Für Pfarrer Markus ist klar: Die Kirche muss sich erneuern, um zu bestehen. Bischöfe mit Stab und Gottesdienste im klassischen Sinne sind überholt – wer möchte sich heute noch gerne als Schafherde fühlen? Er veröffentlicht ein Buch über seine Ansichten, tritt wild gestikulierend in Talk-Shows auf. Wer seine Ansichten nicht liebt, hasst sie. Zu letzteren gehört Heidi, die Markus noch aus früheren Tagen kennt, aber vor 20 Jahren den Kontakt abbrach, weil er ihr im Ferienlager zu nahe kam. Heidi ist heute alles andere als liberal, für sie ist die Bibel Wahrheit, die Evolution eine Lüge.

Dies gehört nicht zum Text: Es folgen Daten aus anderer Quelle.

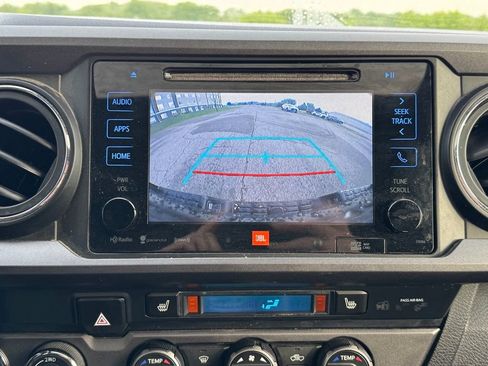 Used 2019 Toyota Tacoma TRD Off-Road AWD/4WD image 6
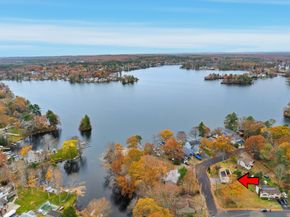 26 Wakefield Ave, Webster MA 01570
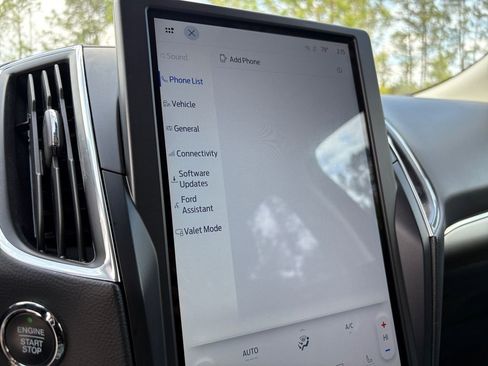 Used 2024 Ford Edge Titanium image 21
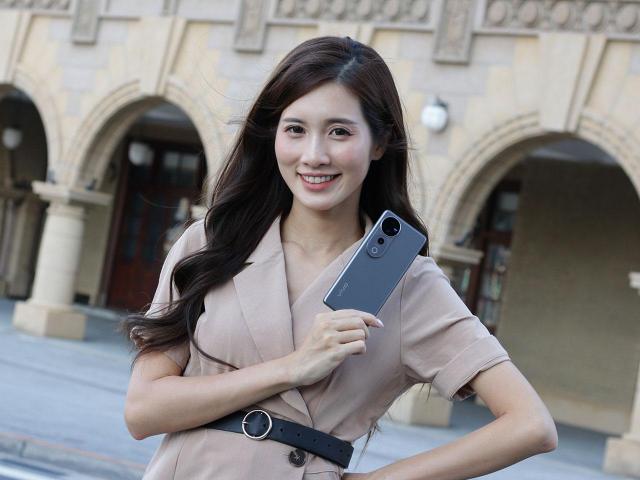 蔡司鏡頭、AI柔光環人像攝影旗艦！vivo V40 Pro通路價格最多現省7千4(2025.3)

Karsten Meyer spricht als Pfarrer Markus die „Gemeinde“ an, aus einem zerfledderten Tagebuch beginnt er „seine Version der Geschichte“ zu erzählen, wie er zum „Skandalpfarrer“ auf dem Titel der BILD wurde. Mal süffisant lächelnd, mal am Boden zerstört leidend – Meyer spielt jede Facette des Pfarrers aus. Ihm gegenüber steht Julia Brettschneider als fremdbestimmte Heidi, die nur dann zum Menschen wird, wenn jemand anders für sie entscheidet. Ihre Sekte rechtfertigt es, dass sie aufbrausend wird, sich wild echauffiert, weil Markus nicht an die Auferstehung glaubt. Mit gläsernem Blick schaut sie in die Ferne, betet zu Jesus, er möge Markus erleuchten. Als sie „Urlaub“ vom Glauben braucht, will sie Gott durch Markus ersetzen – ebenso unreflektiert.

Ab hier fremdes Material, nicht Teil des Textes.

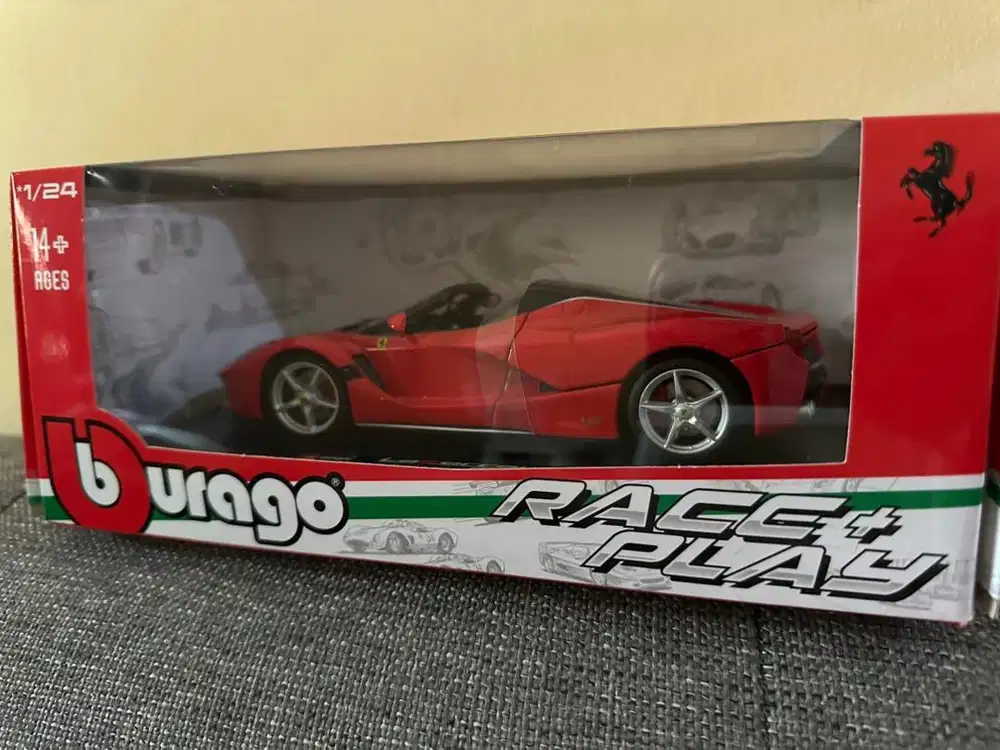 Diecast Burago Miniatur Ferrari merah new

Halina Kratchowil hat mit einfachsten Mitteln ein beeindruckendes Bühnenbild geschaffen: Die schiefe Ebene spricht für sich. Overheadprojektoren projezieren flüchtige, wechselnde Erinnerungen: ein Sternenhimmel, das Zimmer im Ferienlager, ein Fernsehstudio.

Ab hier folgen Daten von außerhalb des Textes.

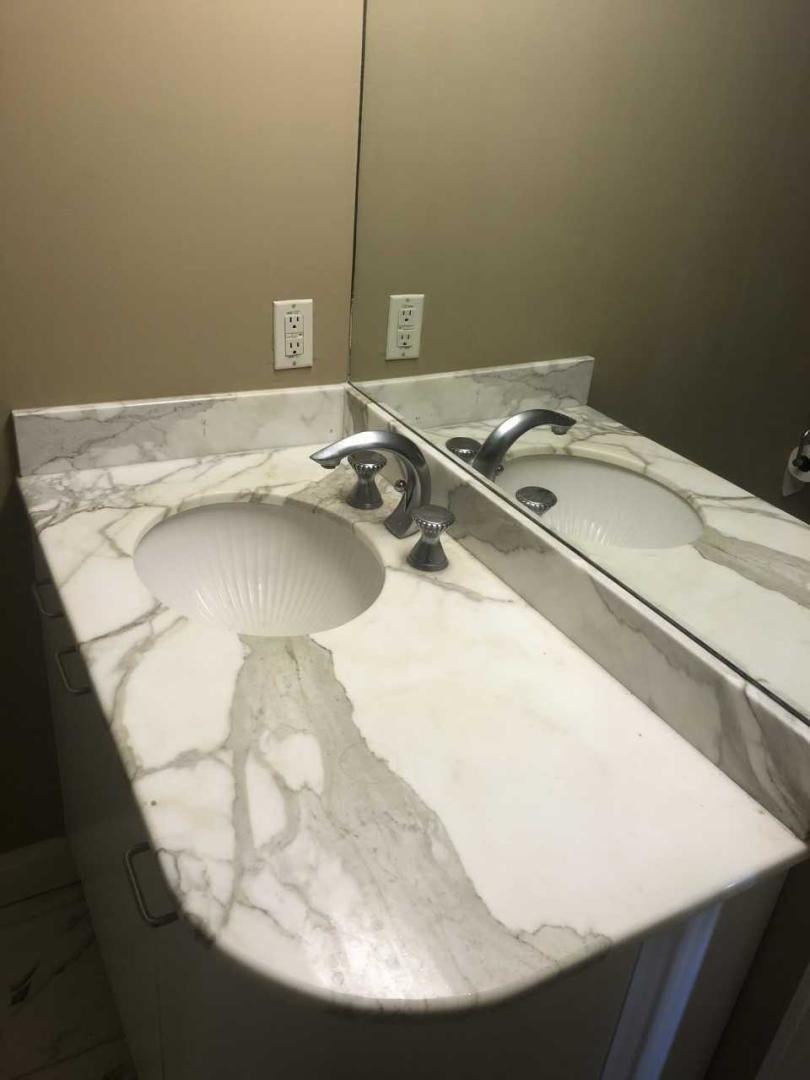a sink with a bathtub and a sink aboard LAKEHOUSE Yacht for Sale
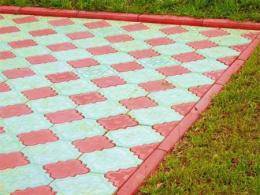 Укладка тротуарной плитки своими руками – пошаговая инструкция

Wer ist der Fundamentalist? Heidi, die die Bibel mit der Bibel rechtfertigt? Oder Markus, der so sehr hinter seiner liberalen Religionsauffassung steht, dass er bereit ist, für diese und den Kommerz als Satan bezeichnet zu werden? Das Thema ist komplex – wie weit darf Glaube gehen? Wo beginnt Fanatismus? Hört Glaube auf, wo Wut beginnt? Was ist Liebe, was Glaube? Die beiden Darsteller zeigen alles, unterstreichen jede Gefühlsregung, jeden Zweifel – ganz nah dran auf der kleinen Bühne der Kammer. Ein Stück das sich lohnt, auch wenn 90 Minuten nicht reichen, um auch noch unter der Oberfläche zu schürfen.